On 6/19/20 6:07 PM, Paolo Bonzini wrote:
> On 19/06/20 23:52, Tom Lendacky wrote:
>>> A more subtle issue is when the host MAXPHYADDR is larger than that
>>> of the guest. Page faults caused by reserved bits on the guest won't
>>> cause an EPT violation/NPF and hence we also check guest MAXPHYADDR
>>> and add PFERR_RSVD_MASK error code to the page fault if needed.
>>
>> I'm probably missing something here, but I'm confused by this
>> statement. Is this for a case where a page has been marked not
>> present and the guest has also set what it believes are reserved
>> bits?
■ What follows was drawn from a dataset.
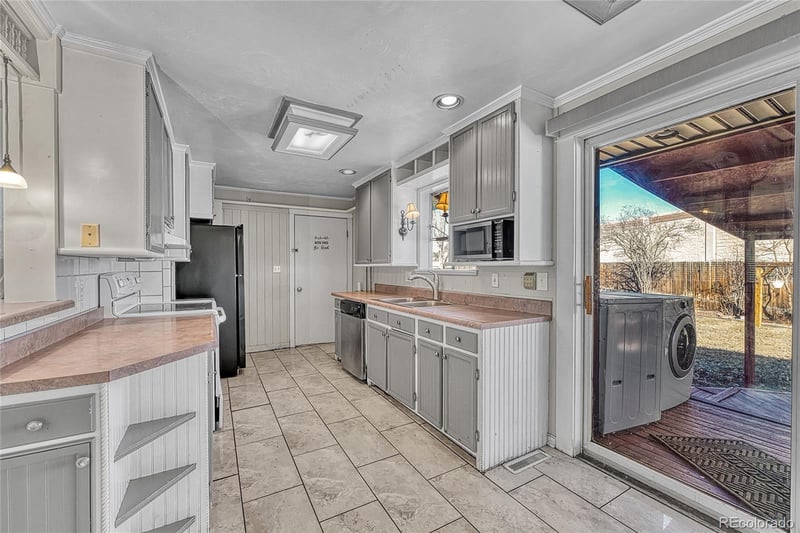 8450 Turnpike Dr, Westminster, CO 80031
Then when the page is accessed, the guest sees a page fault
>> without the error code for reserved bits?
> 
> No, for non-present page there is no issue because there are no reserved
> bits in that case.  If the page is present and no reserved bits are set
> according to the host, however, there are two cases to consider:
> 
> - if the page is not accessible to the guest according to the
> permissions in the page table, it will cause a #PF.  We need to trap it
> and change the error code into P|RSVD if the guest physical address has
> any guest-reserved bits.

I'm not a big fan of trapping #PF for this. Can't this have a performance
impact on the guest? If I'm not mistaken, Qemu will default to TCG
physical address size (40-bits), unless told otherwise, causing #PF to now
be trapped. Maybe libvirt defaults to matching host/guest CPU MAXPHYADDR?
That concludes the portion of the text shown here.